We are acutely aware of the challenges that many people, families and businesses continue to face up and down the country and are working alongside our customers to provide the support they need – whether that is managing their money better, saving for a house or retirement or starting or growing a new business – as well as playing a leading role in the transition to net zero.

As our economy recovers and the trend towards digital services accelerates, we are investing to deliver long term value in the bank and drive sustainable growth.  We will do this by building closer and deeper relationships with our customers and by supporting their evolving needs and expectations at every stage of their lives.”


2021 FINANCIALS

Operating profit
£4.3bn – for the whole group.

• Up from loss of £351m in 2020.
• £4.0bn – operating profit for the continuing group.

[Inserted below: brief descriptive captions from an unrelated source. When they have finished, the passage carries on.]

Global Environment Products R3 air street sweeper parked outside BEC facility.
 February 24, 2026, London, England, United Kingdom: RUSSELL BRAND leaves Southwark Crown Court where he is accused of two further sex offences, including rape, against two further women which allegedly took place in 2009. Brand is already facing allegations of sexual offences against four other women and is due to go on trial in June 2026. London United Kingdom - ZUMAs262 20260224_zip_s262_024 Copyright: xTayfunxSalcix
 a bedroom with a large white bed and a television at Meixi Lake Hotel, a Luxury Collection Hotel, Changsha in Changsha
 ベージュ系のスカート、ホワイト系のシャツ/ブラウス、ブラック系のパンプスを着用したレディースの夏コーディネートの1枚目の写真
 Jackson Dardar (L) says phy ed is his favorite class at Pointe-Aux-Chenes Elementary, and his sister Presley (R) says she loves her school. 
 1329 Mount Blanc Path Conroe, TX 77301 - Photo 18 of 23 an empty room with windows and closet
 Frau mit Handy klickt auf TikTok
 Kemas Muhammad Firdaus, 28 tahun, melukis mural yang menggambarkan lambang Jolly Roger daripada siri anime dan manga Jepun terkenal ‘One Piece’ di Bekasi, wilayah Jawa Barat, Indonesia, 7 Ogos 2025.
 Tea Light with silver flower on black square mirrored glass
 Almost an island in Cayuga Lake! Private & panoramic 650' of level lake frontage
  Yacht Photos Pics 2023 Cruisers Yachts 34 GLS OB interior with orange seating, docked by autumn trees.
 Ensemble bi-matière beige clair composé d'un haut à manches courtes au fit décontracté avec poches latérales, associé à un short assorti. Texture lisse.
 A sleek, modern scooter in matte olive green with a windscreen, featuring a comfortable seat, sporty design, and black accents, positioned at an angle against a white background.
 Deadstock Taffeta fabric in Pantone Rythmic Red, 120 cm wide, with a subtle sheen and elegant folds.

Impairment release of £1.3bn, compared to a charge of £3.2bn in 2020 £341m – Q4 impairment release.

Growth
Net lending up £7.8bn (2.6%) on FY2020 (UK and RBSI retail and commercial businesses, excluding government support schemes).

Costs
Cost reduction of £256m (4.0%) on FY2120 (ex OLD and Ulster Bank direct costs).

Capital
CET1 ratio of 18.2%.

• Down from 18.7% at Q3 - result of capital distributions and reduced RWAs.

Capital returns
£3.8bn of distributions announced for 2021.

• £1.2bn dividends - £846m final (7.5p/share), £347m interim (3p/share).

•  £1.5bn on market buy-backs – £750m executed + additional
£750m announced today.

• £1.1bn directed buy back in March 2021.

• Total of £1.7bn back to UK government in dividends and buybacks for 2021.


OUTLOOK

Income
In 2022, we expect income excluding notable items to be above £11.0 billion in the Go-forward group.

Costs
We plan to invest around £3 billion over 2021 to 2023 but, with continuing simplification, we plan to reduce Go-forward group operating expenses, excluding litigation and conduct costs, by around 3% in both 2022 and 2023.

Impairments
As a result of positive actions to change the shape of our book in recent years, we expect our through-the-cycle impairment loss rate to be around 20 - 30 basis points. We expect our 2022 and 2023 impairment charge to be lower than our through the cycle loss rate.

Capital
We aim to end 2022 with a CET1 ratio of around 14% and target a ratio of 13-14% by 2023.

Returns
In 2023, we expect to achieve a return on tangible equity of comfortably above 10% for the Group.

RWA 
Across 2022 and 2023, we expect movements in RWAs to largely reflect lending growth and our phased withdrawal from the Republic of Ireland.

Dividends and pay-outs
We intend to maintain ordinary dividends of around 40% of attributable profit and to distribute a minimum of £1 billion in each of 2022 and 2023 via a combination of ordinary and special dividends. We intend to maintain capacity to participate in directed buybacks of the UK Government stake, recognising that any exercise of this authority would be dependent upon HMT’s intentions and is limited to 4.99% of issued share capital in any 12-month period.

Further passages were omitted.